Remember who said, 'Great artists steal'?


Here's a hint... that quote wasn't from anyone at Nokia. Though John Gruber seems to have overlooked that bit in his offhand slam about Nokia's iPhone-style UI on their next phone ("Innovative industrial design from Nokia"). But as I'm sure that he's not the only Apple zealot feeling that way I figured I'd take a few seconds and address the topic here.

In short: Nokia did the right thing.

If you were an exec at Nokia, what would you do? There's no denying that Apple has come up with some cool innovations for the iPhone and - more importantly - generated a lot of buzz around them. As a competitor and leader in the mobile phone market, you are going to need to figure out how to respond to it. What would you want them to do?

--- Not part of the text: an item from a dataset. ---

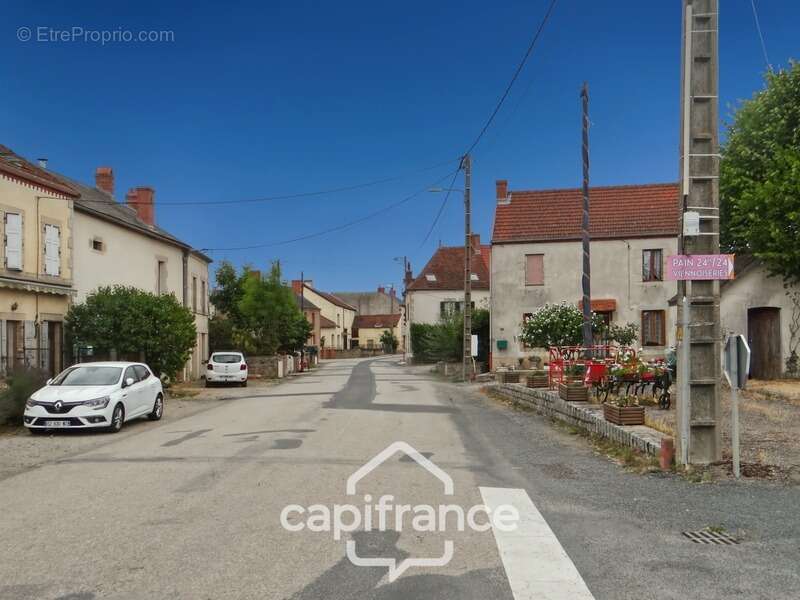 Maison à FONTANIERES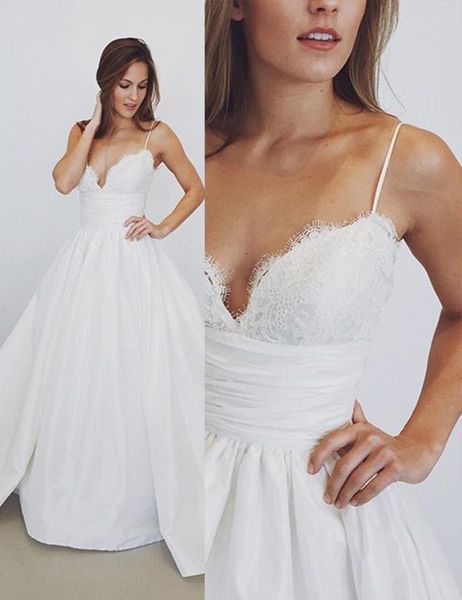 Sexy Spaghetti-Straps Deep V Neck A Line Wedding Dresses 2018 Lace Applique Sleeveless Backless Wedding Gowns Sweep Train Beach Vintage, White
Sexy Spaghetti-Straps Deep V Neck A Line Wedding Dresses 2018 Lace Applique Sleeveless Backless Wedding Gowns Sweep Train Beach Vintage, White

If you ignore the iPhone, then you're sticking your head in the sand and just leaving the market for Apple to take. This is what all the MP3 player makers did when the iPod came out, and it's obviously not the road to take. If you try to mimic the iPhone, then you're accused of copying it, or as Gruber insinuated, not being innovative. Okay, fine, but how do you respond to that sort of criticism? You can pretend that Apple's new product has had no influence on you, or you can respond by saying that you're simply competing, and copying good ideas where they come up. Nokia basically took the best option presented to them and came out with it. Kudos for them.

As for "Innovative industrial design" the key word there is "industrial" and thus implying the innovation and quality of the hardware as well as the software. I would argue that the device with the 5 megapixel camera and real optical zoom (with the ability to record video), integrated GPS, WiFi (including VoIP), advanced HSDPA 3G, standard USB and non-crippled Bluetooth contained in an attractive, yet recognizable mobile phone (that is actually 5 grams lighter than the iPhone) would win out here against a device using standard technologies that were new a couple years ago, yet has a gimmicky (and locked down) new OS to market. Not only that, but Nokia knows how to make and ship millions of these bad boys around the world every quarter. When it comes to INDUSTRIAL innovation, Nokia is leading the way hands down.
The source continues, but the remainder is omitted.